■ Exercise brief: Give back each line of the data exactly as it reads, minus the pictures.

■ Given information:
====
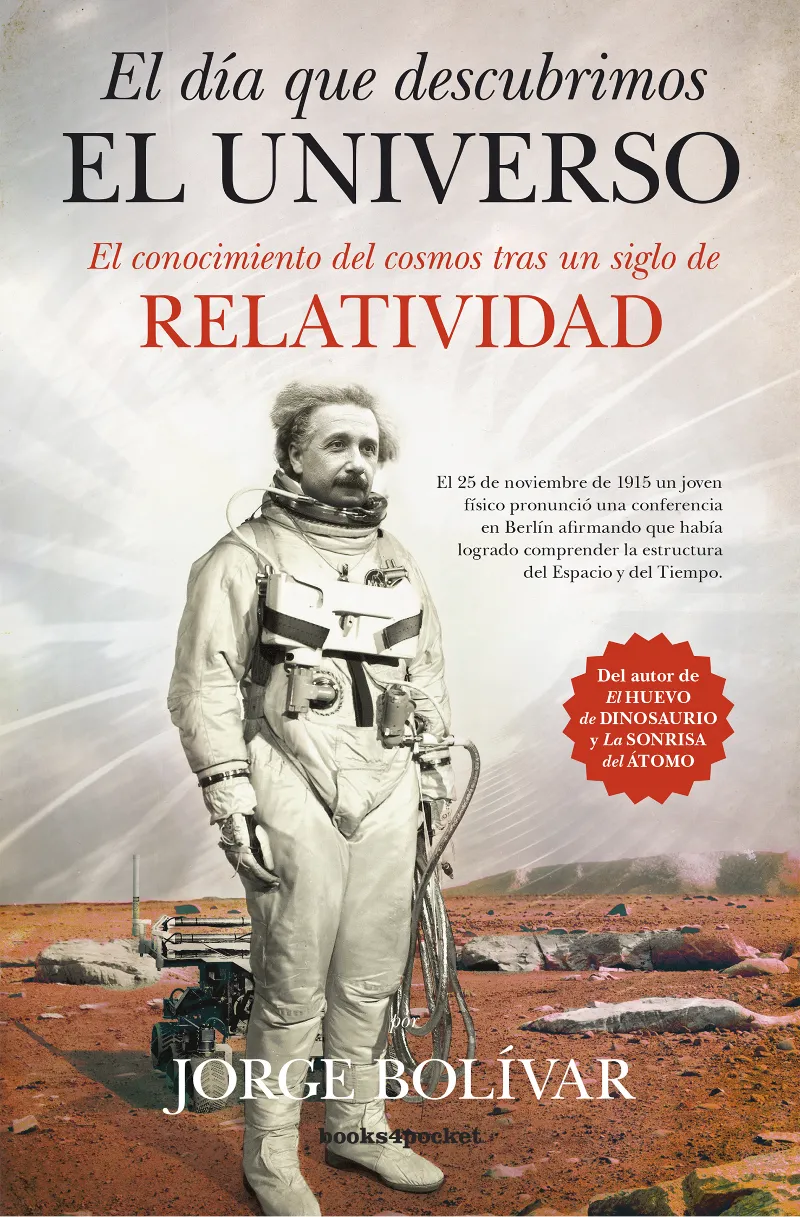DIA QUE DESCUBRIMOS EL UNIVERSO, EL -BUTXACA-
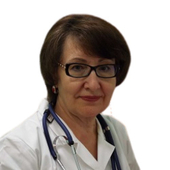 Черкашина Наталья Юрьевна, кардиолог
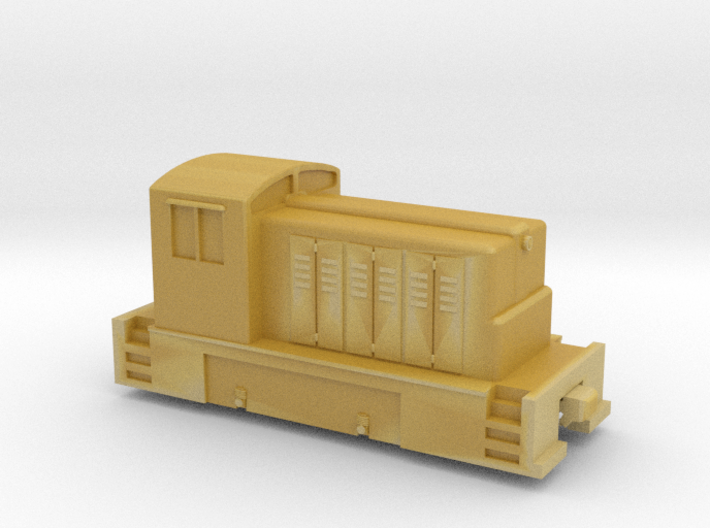 Rebel Switcher - 1:700scale 3d printed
====
■ Response:
DIA QUE DESCUBRIMOS EL UNIVERSO, EL -BUTXACA-
 Черкашина Наталья Юрьевна, кардиолог
 Rebel Switcher - 1:700scale 3d printed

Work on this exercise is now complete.